I have built a very simple test page with the button which triggers ajax request, which retrieves a sample "search results" response in JSON format, from my remote server.

https://apiroad.net/ajax-test.html

It is very important to have a simple test page where you can quickly run your experiments, so every test run takes very little time, otherwise each iteration of debugging becomes painful.
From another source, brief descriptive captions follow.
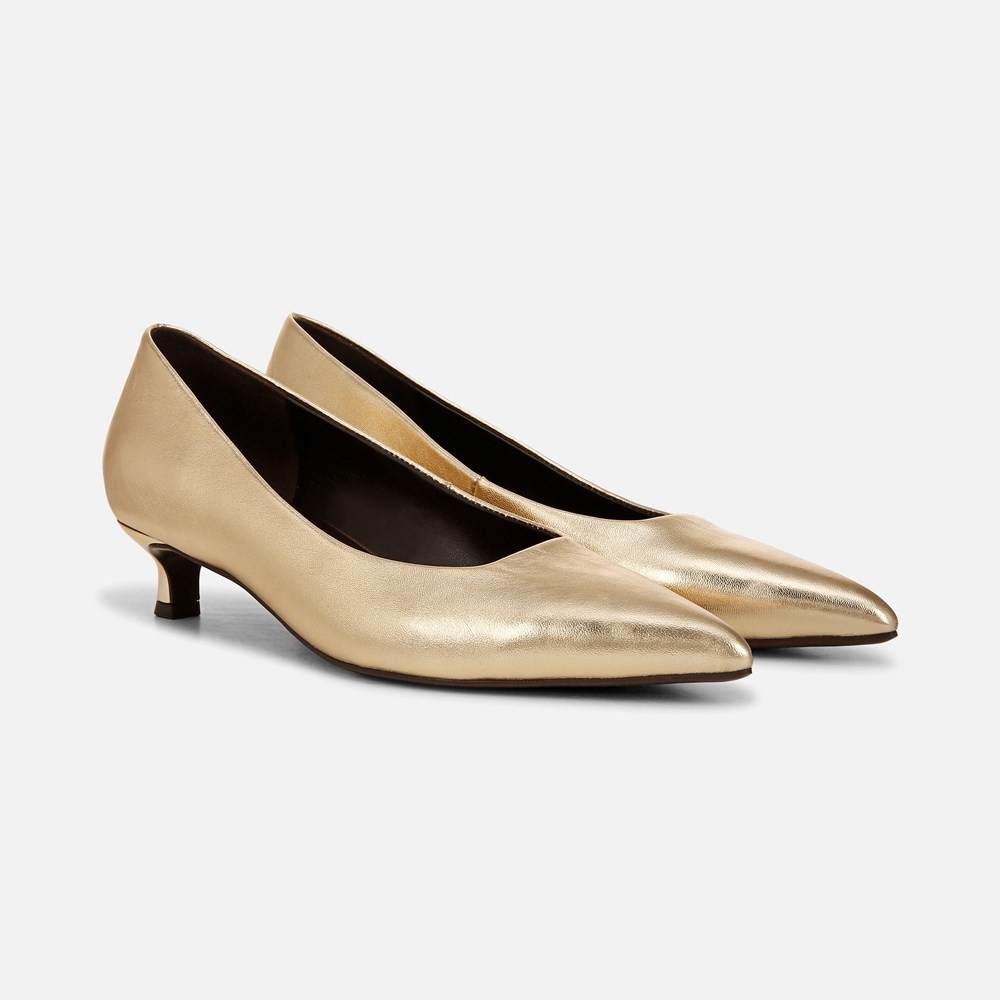 Naturalizer Natalia Kitten Heel - Dark Gold Leather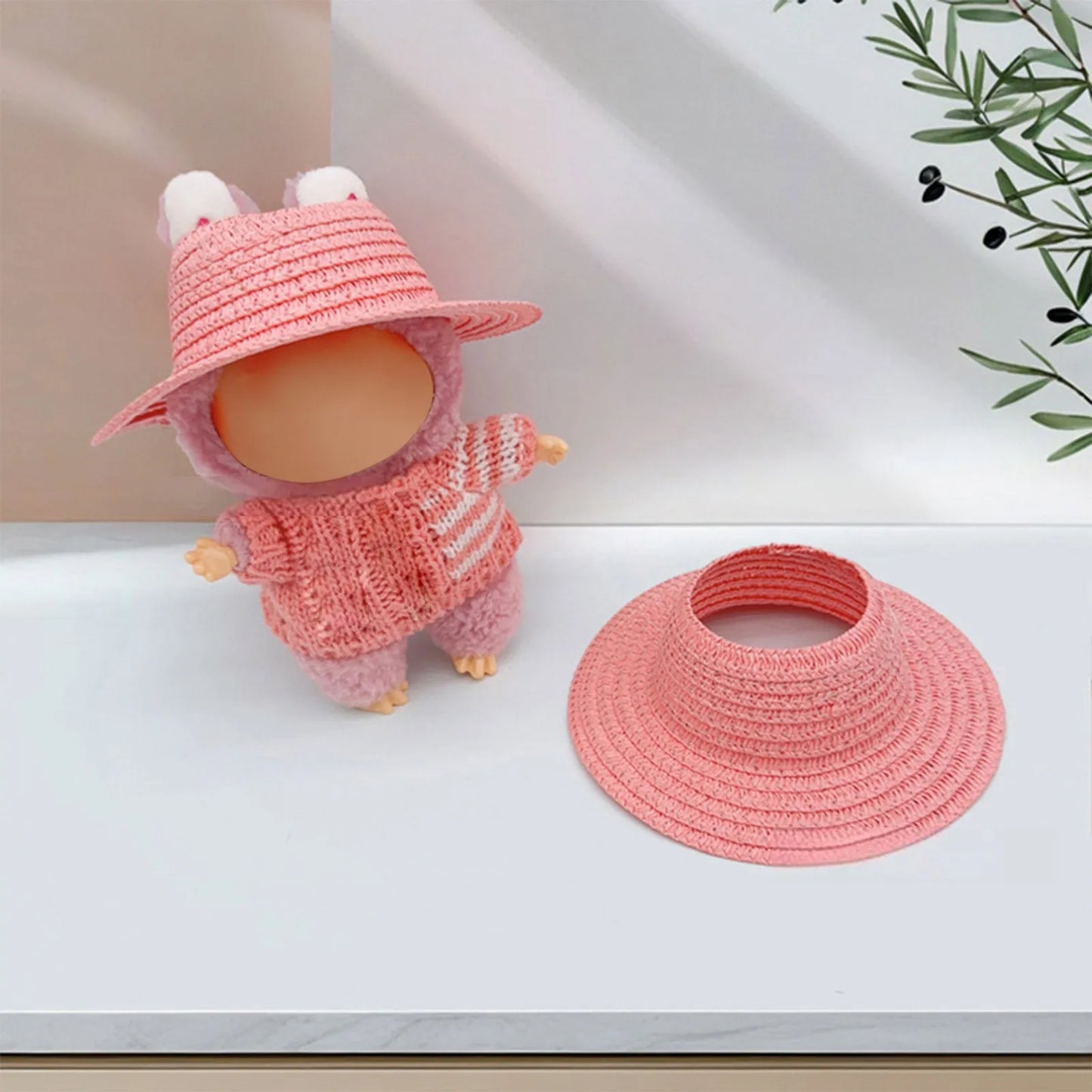 Colored Empty Straw Hat For Ropa Labubu Lovely Little Doll Accessories Cute Hat Decoration Peaceful Pleasures Health and Wellness Pink One Size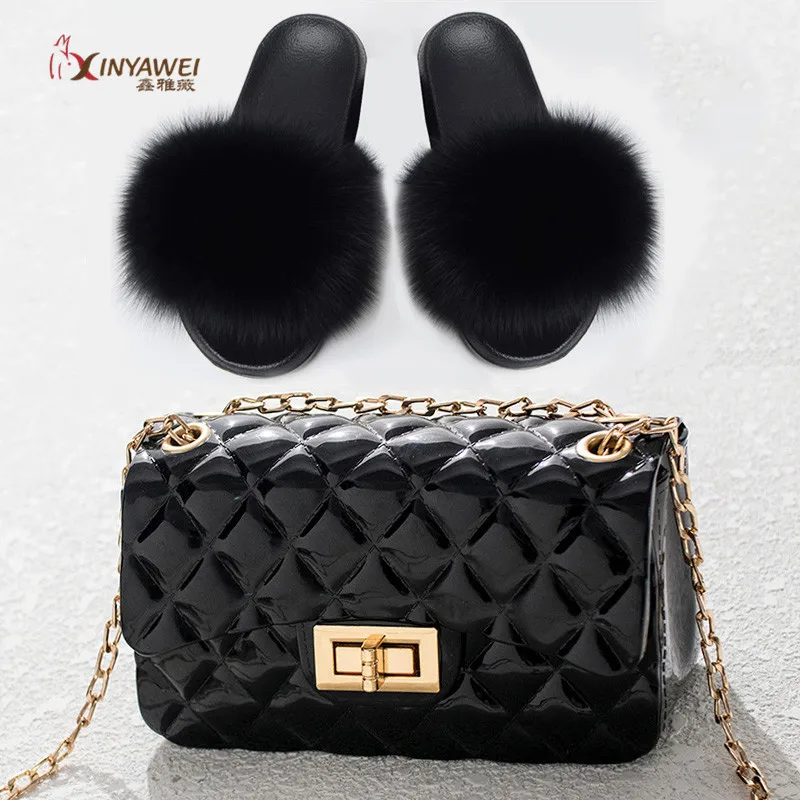 Женские шлепанцы из 100% натурального Лисьего меха радужная обувь милые меховые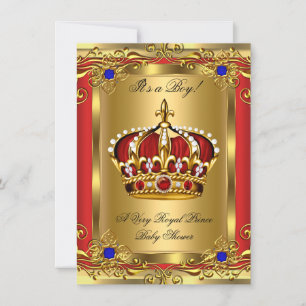 Convites Chuva de Bebê Menino Azul Real Azul Regal Vermelho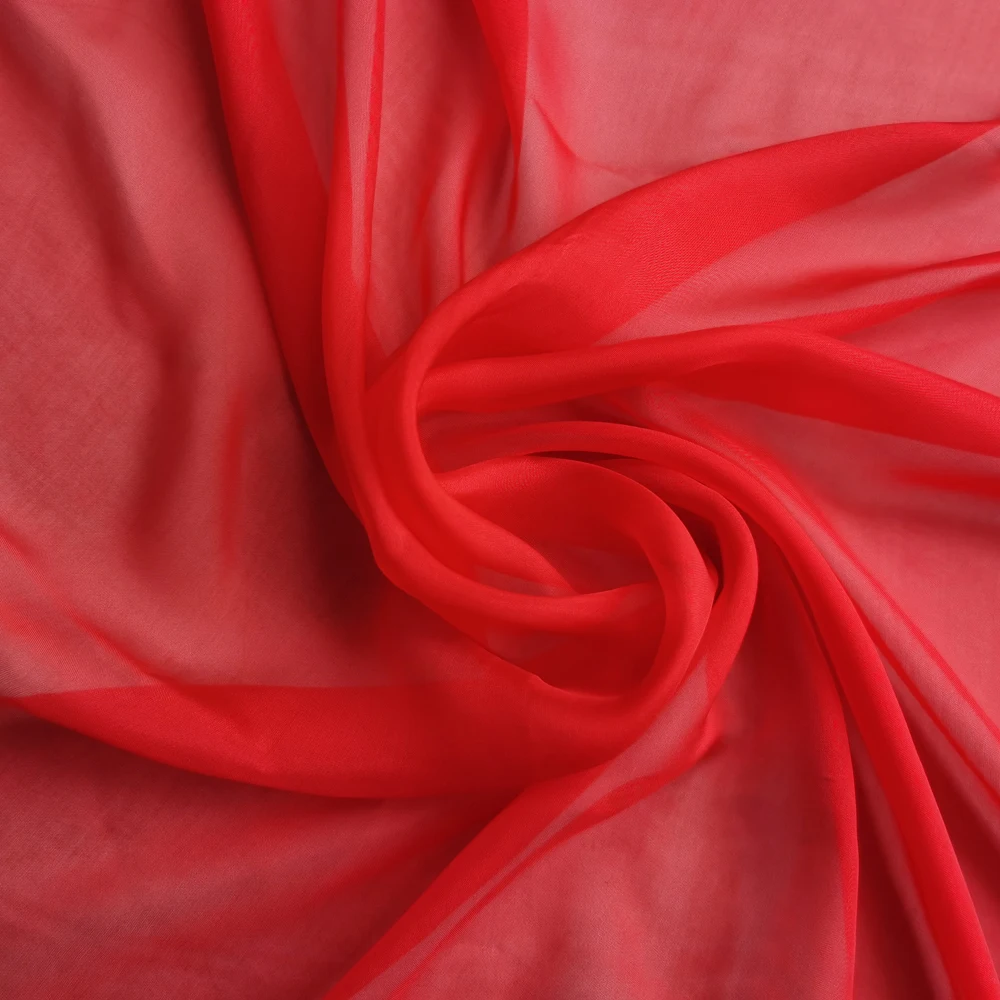 50cm*90cm 100% Mulberry Silk Chiffon Solid Color Fabric, Width 90cm Thickness 5m/m For Silk Scarf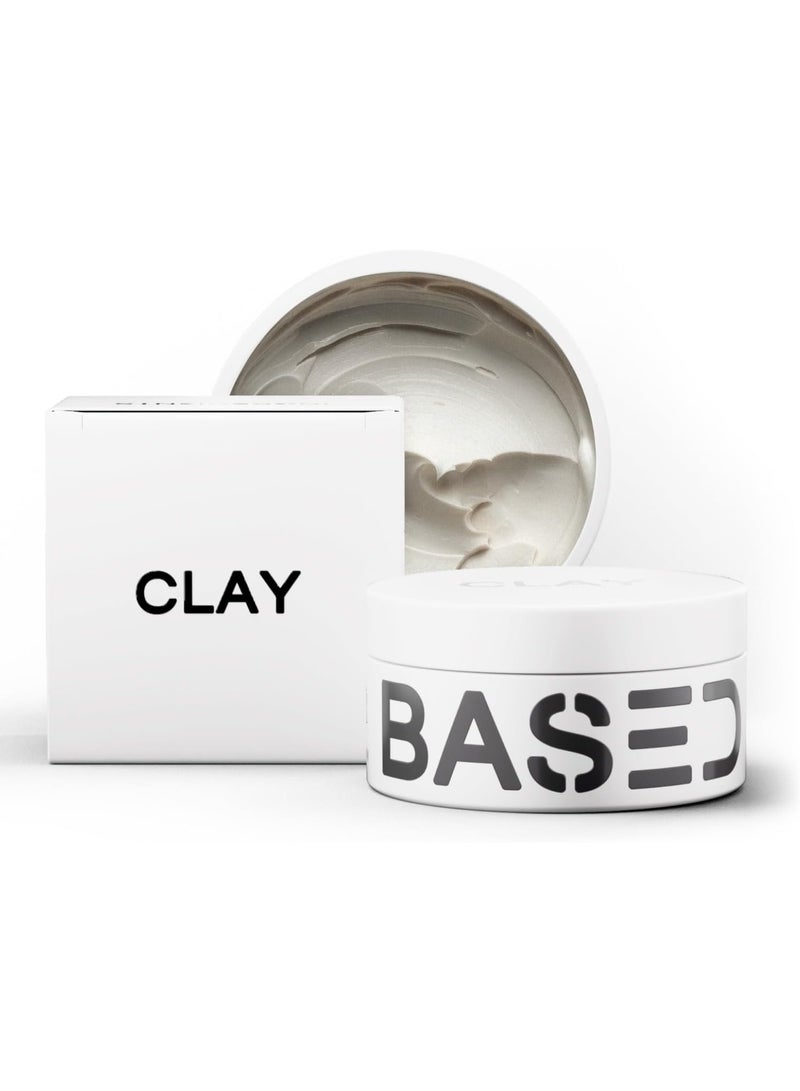 Based Bodyworks طين شعر للرجال، طين شعر فاخر مع تثبيت قوي، لمسة نسيج، وبدون لمعان، طين تصفيف للشعر المتوسط، الكثيف، المستقيم، أو المموج، عطر خشب الصندل (3 أوقية/90 جرام عبوة واحدة) - Image 1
Step #2. Create puppeteer instance and click the button

import puppeteer from 'puppeteer';

(async () => {
  const browser = await puppeteer.launch({args: [
    '--no-sandbox']});
  const page = await browser.newPage();
  await page.goto('https://apiroad.net/ajax-test.html');

  // let's make a screenshot to debug if the page looks good
  await page.screenshot({path: 'step1.png'});

  // now make sure the search input is there on the page.
  await page.waitForSelector('form > input[type=text]');

  // type the search query.
  await page.type('form > input[type=text]', 'toyota');

  await page.click('#search-button');
  
  await page.screenshot({path: 'step2.png'});
  await browser.close();
})();

The "regular" approach in Puppeteer scraping world would be to do $$eval now and grab the search results elements data from DOM tree. We could definitely do that! But grabbing the raw JSON response of search results instead may make things a lot cleaner and easier for later analysis.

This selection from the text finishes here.